A can of tune is a 3D object (usually comes in cylindrical shape). It has volume. All the other options are 2D shapes.

### Area of rectangle =

Area of the rectangle $= Length \times Breadth$

### If area of base of a right pyramid is 9 square feet and height is 15 square feet, the volume will be :

Area of base (A) = 9 square feet

Height (h) = 15 square feet

V $= \frac{1}{3} \times$ (Area of base) $\times$ height

V $= \frac{1}{3} \times 9 \times 15 = 45$ cubic feet

## Frequently Asked Questions on Difference between Area and Volume

**What is the difference between Perimeter and Area?**

Perimeter is the length of the boundary of a two dimensional shape whereas Area is the space occupied by a two dimensional shape or object.

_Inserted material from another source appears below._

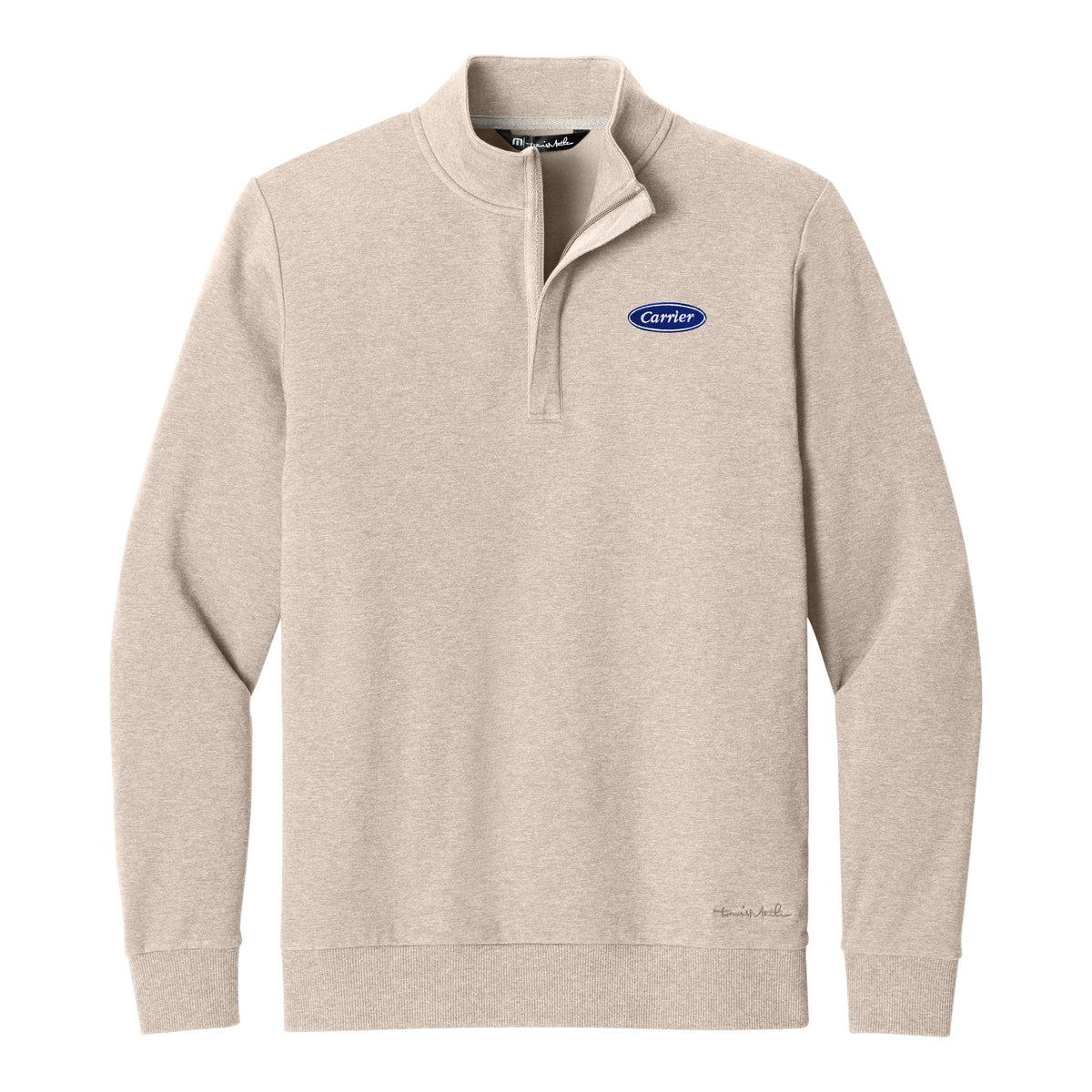 C2579M TravisMathew Mens Ocean Villa 1/4 Zip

**What is the Surface Area?**

The area occupied by a three-dimensional object by its outer surface is called the surface area.

**What is the difference between Area and Surface Area?**

Area is the space occupied by a two dimensional object whereas surface area is the total area of the outer surfaces of an object.

**What’s the difference between area and volume?**

Area is the space inside a 2D shape, while volume is the space occupied by a 3D object.